I recently was a guest at a really interesting meeting of a new consulting firm. We talked about cloud computing and Web 3.0 and various other ‘hot’ technology topics. Since the participants were at various levels of understanding of these technologies prior to the meeting, they assembled a reading list for those who were less experienced to come up to speed. Among the readings was a guest blog post on TechCrunchIT written by Marc Benioff, CEO of Salesforce.com. It characterized the evolution of the web this way:

  • Web 1.0 allowed everyone to transact, by taking away the cost and access barriers to certain types of transactions that were previously somewhat exclusive and expensive, for example trades at a brokerage house, purchases at an auction etc.
  • Web 2.0 allowed everyone to participate, by taking away the cost barriers to publication and geographical and timing barriers to making personal connections. As a result of Web 2.0, pretty much anyone can blog, wiki, network, etc., largely for free.
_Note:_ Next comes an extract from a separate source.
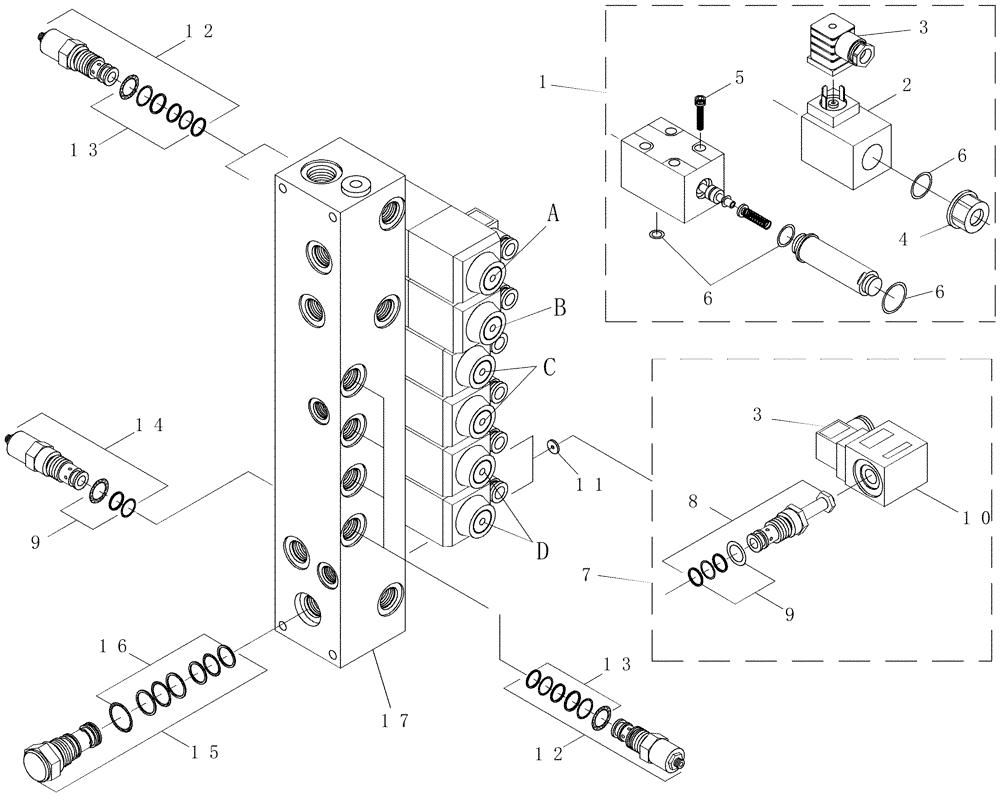 Схема запчастей Case IH 7700 - (B05.03[01]) - Hydraulic Valve {6 Section} (35) - HYDRAULIC SYSTEMS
  • Web 3.0 allows everyone to innovate, by taking away the technology and capital barriers to creation of digital applications. As a result of Web 3.0, pretty much anyone can inexpensively create an application for their own purposes, to share with others or to sell for a profit. No more waiting for the big software company to solve your problem; you can solve it yourself cheaply and easily.
  • As a non-techologist, I am particularly excited about Web 3.0. Web 1.0 and Web 2.0 gave me faster, better, cheaper ways to do things I was already able to do on my own without the web. Taken to its logical conclusion, Web 3.0 will expand my skill set, and the skill set of many people who are much more creative than I, to do things that were well beyond our reach in the past. That’s worth all the buzz that technology marketers are creating about it.